Cinema
“Ti mangio il cuore”: una tragedia classica in bianco e nero
“Ti mangio il cuore”, di Pippo Mezzapesa è, tra i film usciti dal Festival di Venezia che fin qui ho visto, senza alcun dubbio quello che mi ha preso di più. Girato in bianco e nero per scandire le vicende anacronistiche di una guerra intestina tra due famiglie mafiose del Gargano, una terra dai fonemi fortemente distintivi e dalle tradizioni che ne decretano l’egemonia culturale, il film ha il pregio di imbastire una tragedia classica in piena regola, allontanandosi decisamente dalla banalità di stampo gomorresco.

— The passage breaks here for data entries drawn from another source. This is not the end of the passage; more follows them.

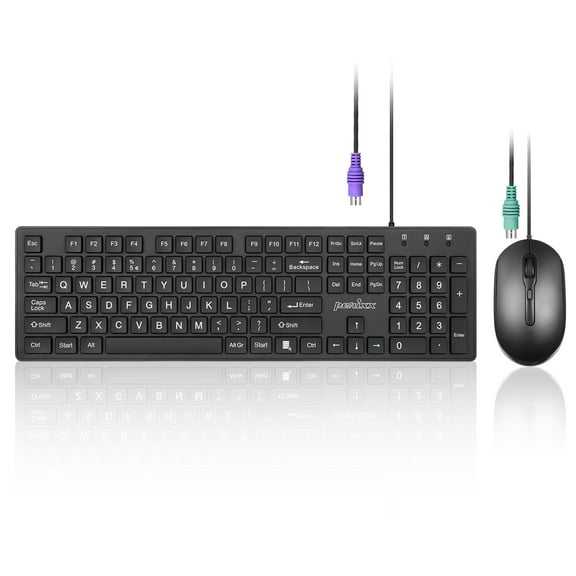 Perixx PERIDUO-117P, Wired Standard PS2 Keyboard and Mouse Combo - Full-size Layout - Bundle with 3 Button Optical PS2 Mouse - 5.9Ft Cable - Black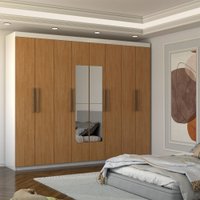 Guarda-Roupa Casal Nirvana 8 Portas 4 gavetas com Espelho Branco/Cinamomo - Panorama Móveis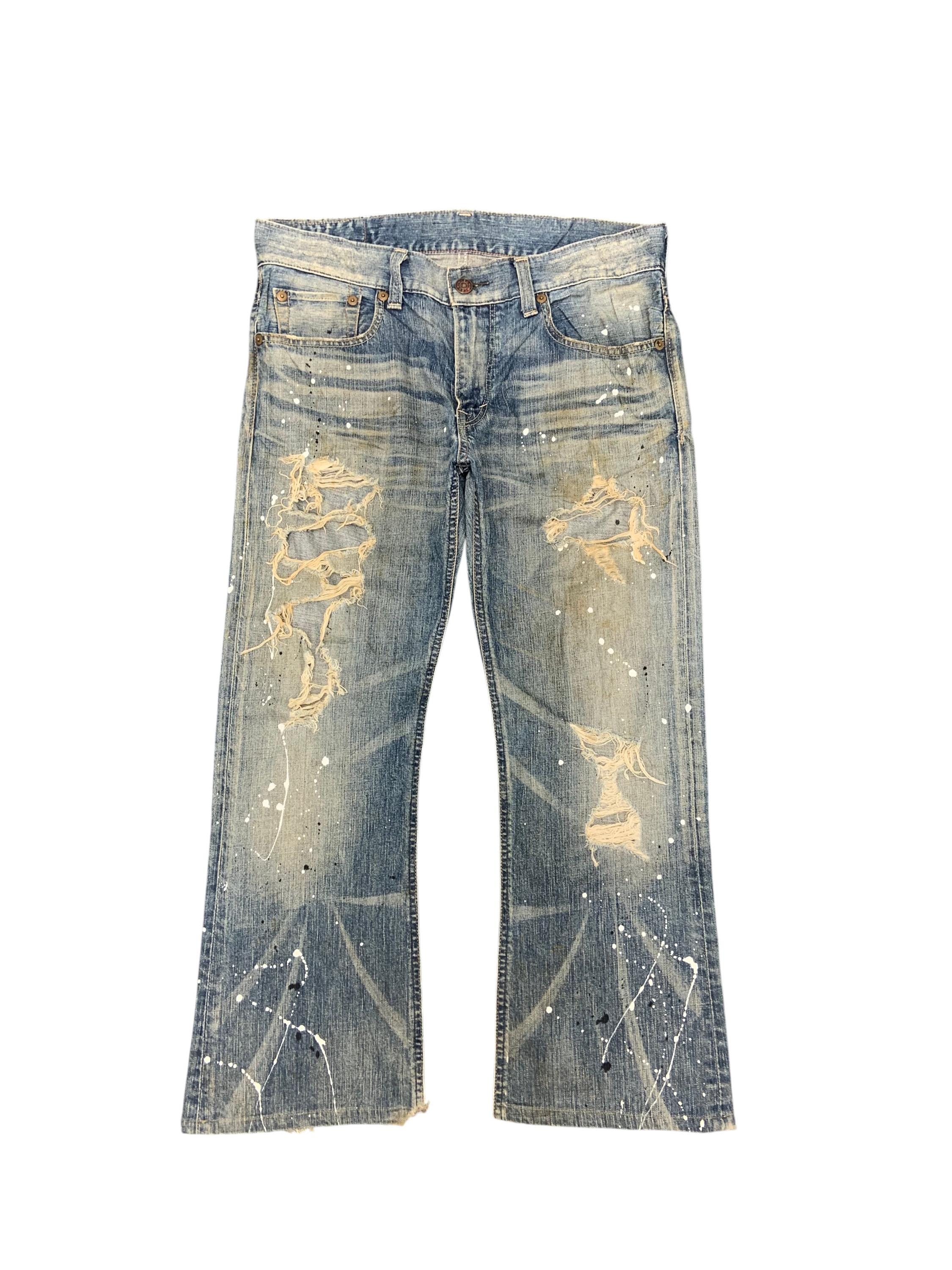 Vintage 2000s Edwin 503 Blue Trip Flared Hippie Bootcut Used Jeans 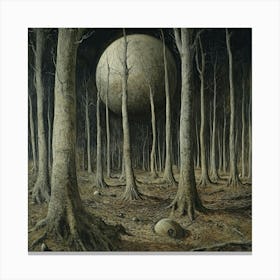 Full Moon In The Woods Art Canvas Print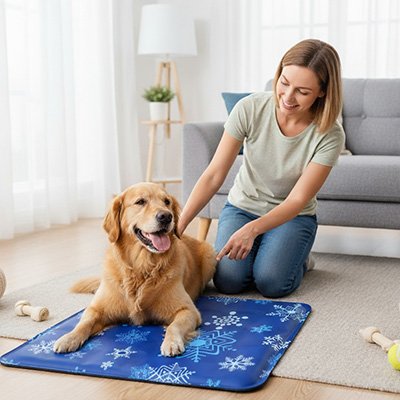 golden retriever couche sur Tapis rafraîchissant Chien avec dame 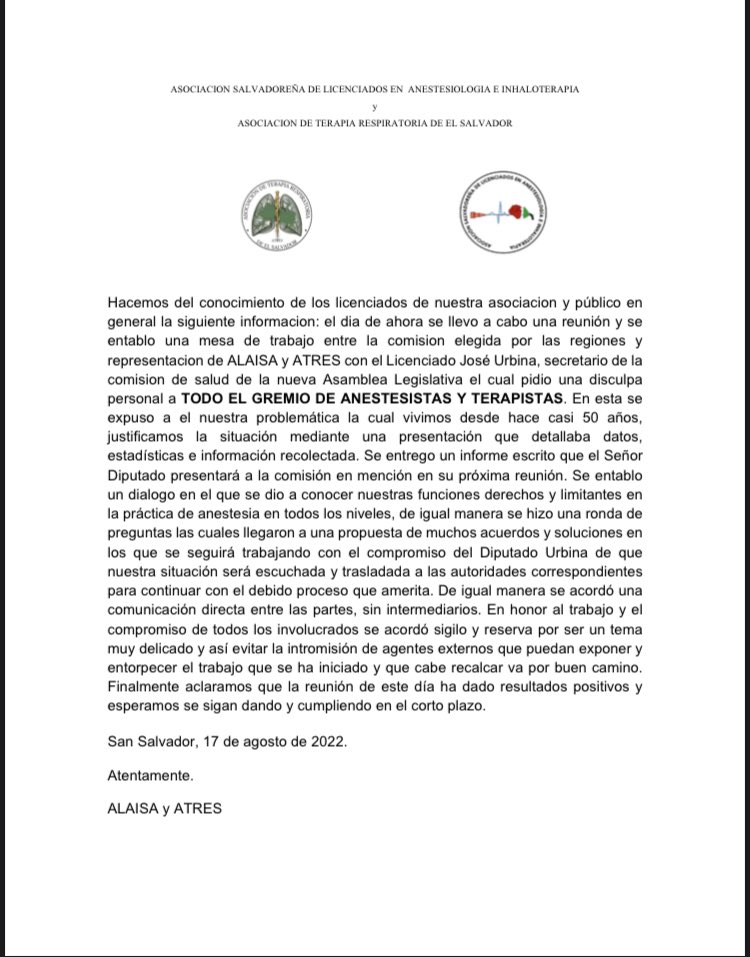 ALAISAES's tweet photo. COMUNICADO OFICIAL
 @tcsnoticias @prensagrafica @elsalvador @FranAlabi @nayibbukele @elsalvador @AsambleaSV https://t.co/SZl6fAUirc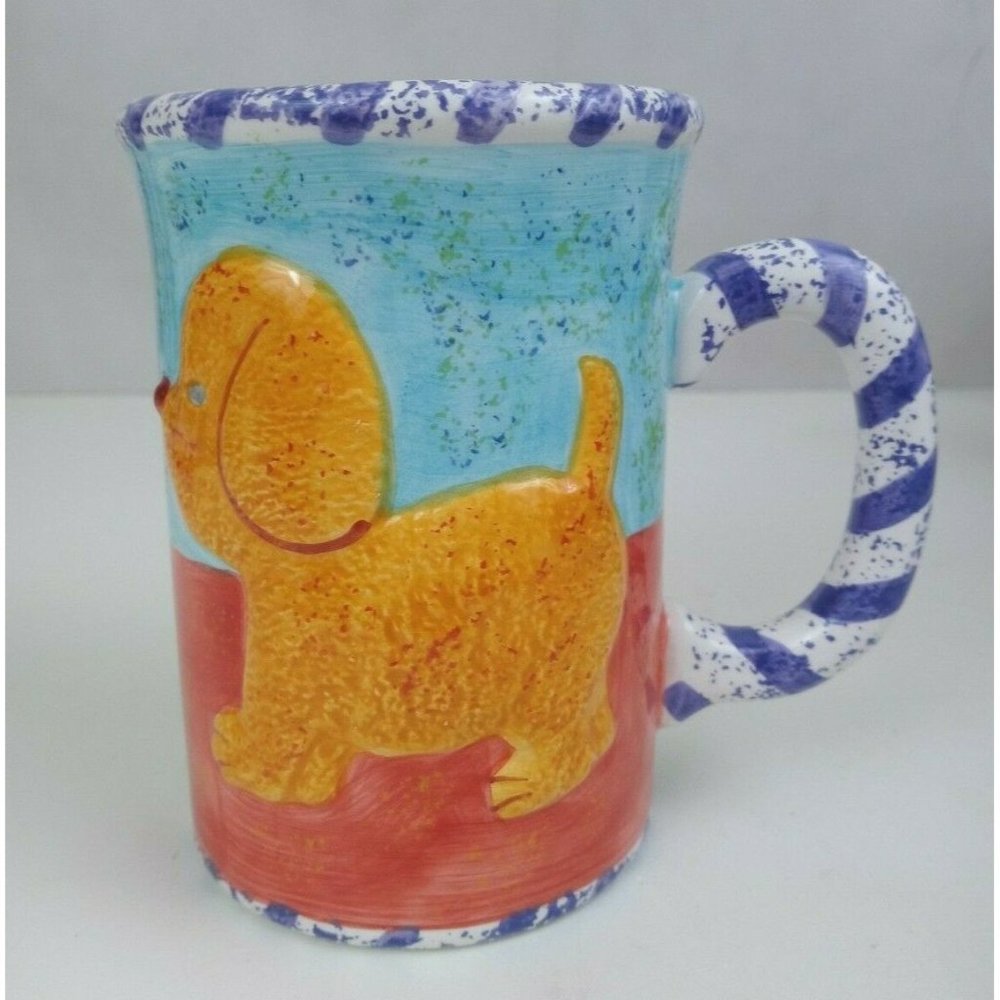 Vintage 2000 Lotus 3D Farm Animals Coffee Cup Mup Puppy Chicken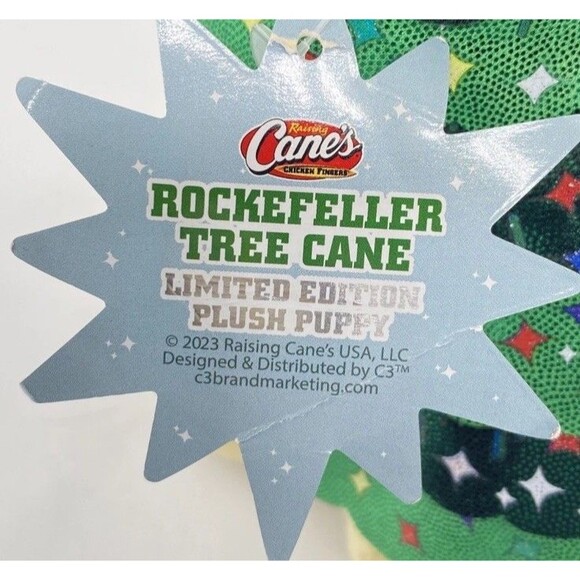 Raising Canes Rockefeller Tree Plush Puppy Dog Stuffed Animal Christmas 2023 NWT - Picture 4 of 5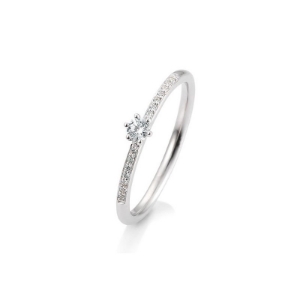 Bild von Verlobungsring Pavé 6er Krappe 0.23 ct. 585/- Weißgold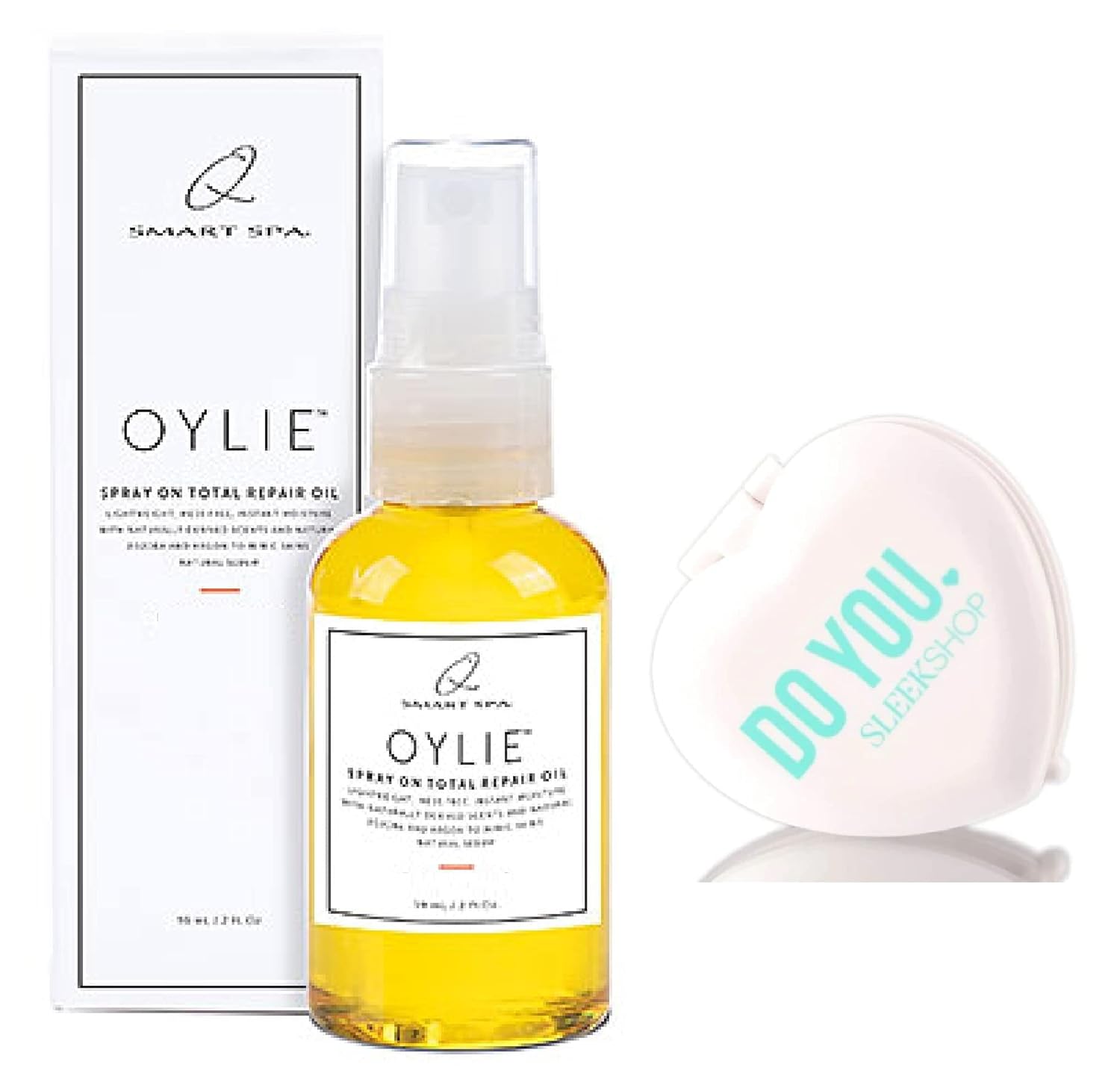 Sleekshop Mirror + Smart Spa OYLIE Spray On Total Repair Oil, jojoba, aceite de argán para cuerpo, brazos, piernas y piel (con espejo compacto de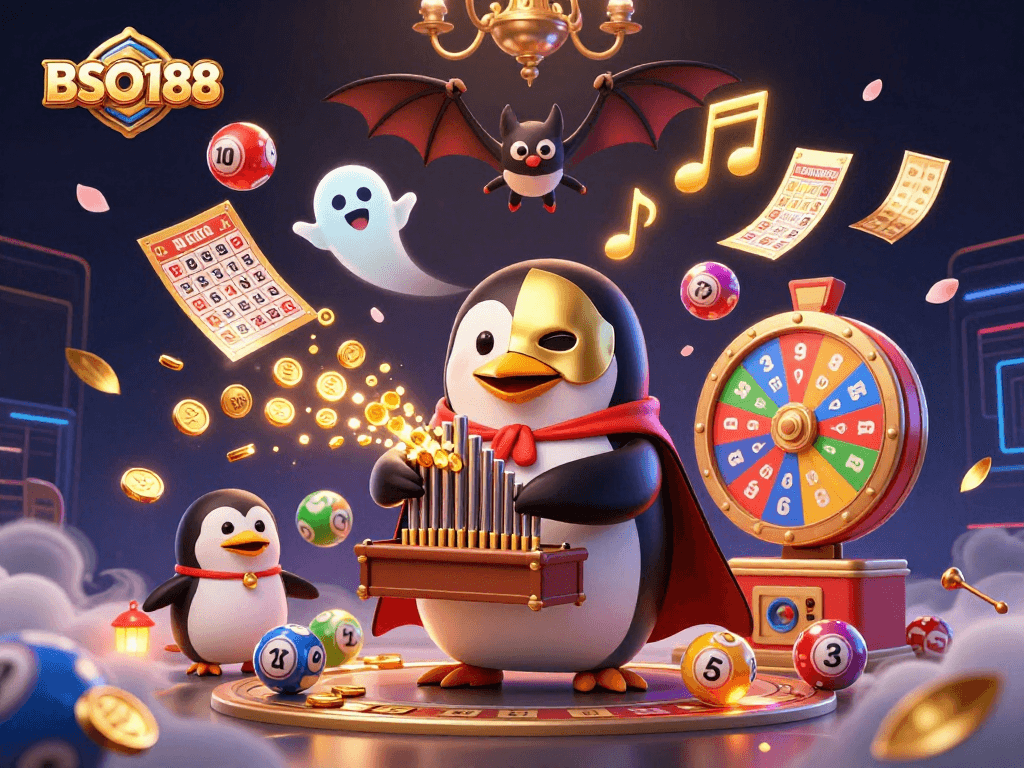 Experience the magic of BSO188's lottery scene with a charming penguin and winning elements.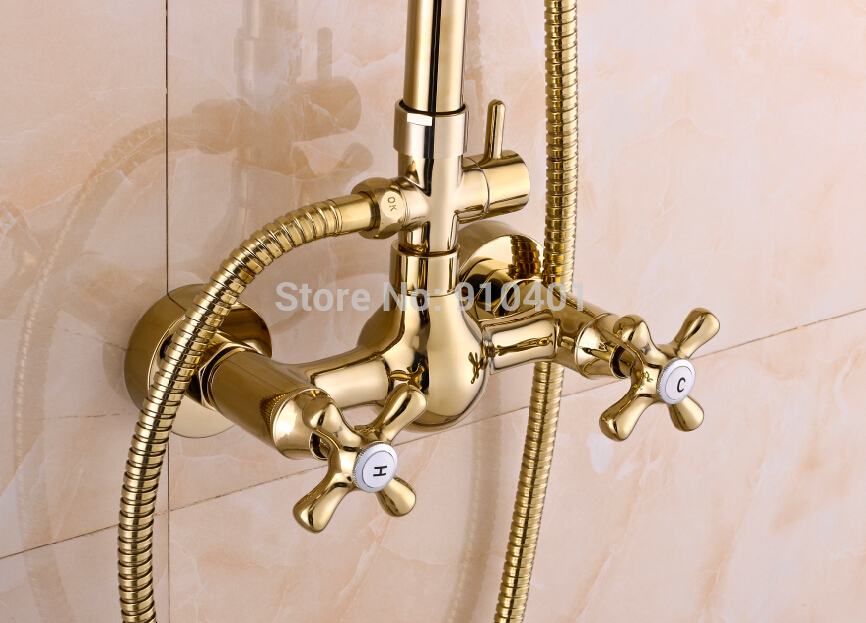Wholesale And Retail Promotion Exposed Rain Shower Faucet Golden Finish Brass Shower Mixer Tap W/ Hand Shower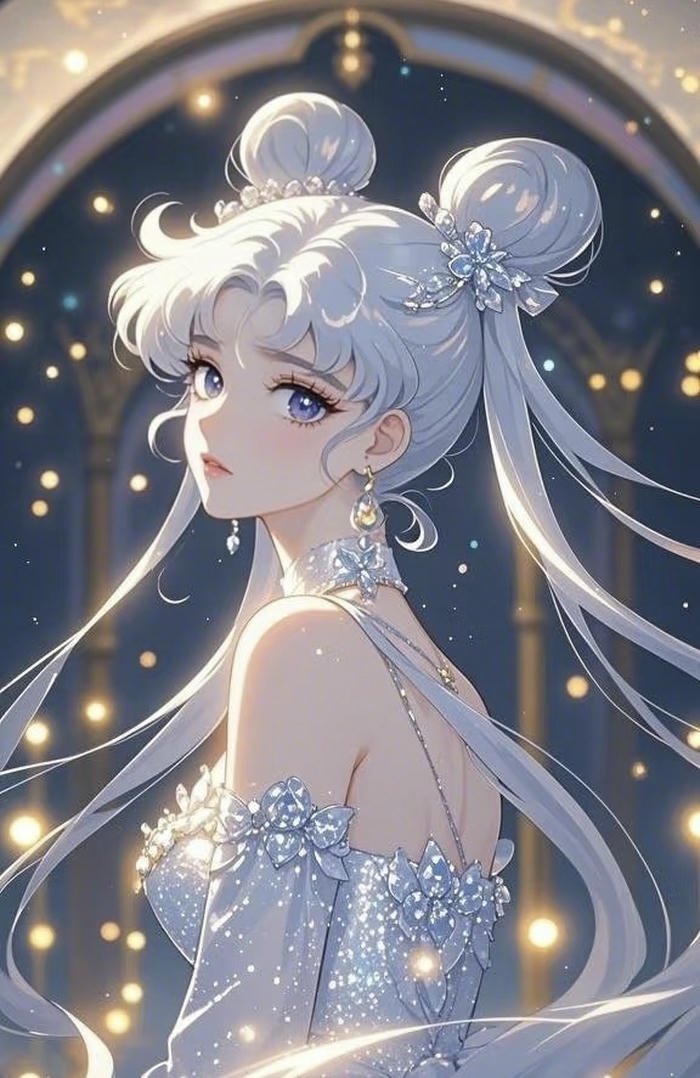 nữ anime sở hữu mái bạc dài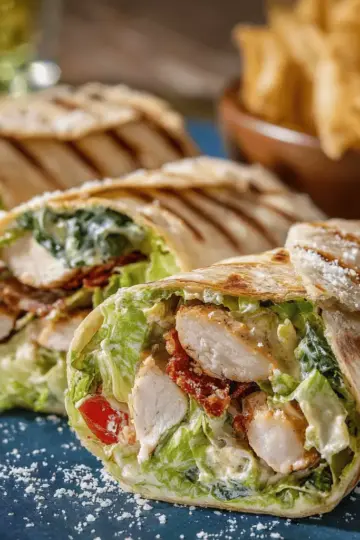 Chicken Caesar Salad Wraps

Favoloso: tra galline, porci, pecore e vacche, processioni, statue di madonne portate a spalla (rigorosamente dai mafiosi) e paesaggi lunari (come le saline di Margherita di Savoia), prende forma una passione fatidica, di memoria shakespeariana, che oltre a evidenziare l’irrazionalità dei sensi e l’intempestività dell’amore, ripristina il codice di violenza in uso tra le due famiglie contendenti.
Un “Romeo e Giulietta” in salsa bucolica e mafiosa? No, decisamente no! La pellicola in argomento ha un non so che di impensabile: è come se all’interno di un documentario sulle consuetudini agresti di una terra a vocazione contadina irrompesse la tragedia, senza, tuttavia, distruggerne totalmente la poesia.
Peccato che l’interpretazione di uno dei protagonisti (vedendo il film ve ne accorgerete facilmente) risulti non del tutto appropriata. Per il resto, interpretazioni intense e magistrali, con una superba Elodie nelle vesti ancestrali di “Marilena”, per non far mancare alla tragedia il tormento, la sofferenza e il sacrificio della donna volitiva e appassionata.
L’autore fotografa i contrasti della sua magnifica terra puntando i riflettori sulla Sacra Corona Unita, inquadrandola attraverso il racconto di un amore viscerale, tanto passionale quanto profondamente sbagliato. Agli inizi degli anni ’60 i Malatesta sono stati quasi tutti assassinati dagli esponenti dei Camporeale, tranne Michele: un ragazzo che si era nascosto nel porcile. Questi, giura vendetta sul volto sfigurato del padre, e nel corso degli anni la ottiene, arrivando nel nuovo millennio da padrone assoluto della sua terra. La famiglia rivale, però, non è del tutto sparita, e a fare le veci del capo latitante, Santo Camporeale, è la moglie Marilena, madre di due figli e costretta a una vita di rinunce. Il giovane Andrea Malatesta, figlio del boss Michele, attratto irrimediabilmente dalla donna della famiglia rivale, non ha paura di avvicinarla e corteggiarla, accendendo in lei la stessa passione. La turbolenta e pericolosa relazione dei due diventa, così, il motivo trainante del racconto, che vede nella metamorfosi di Andrea il suo culmine drammatico.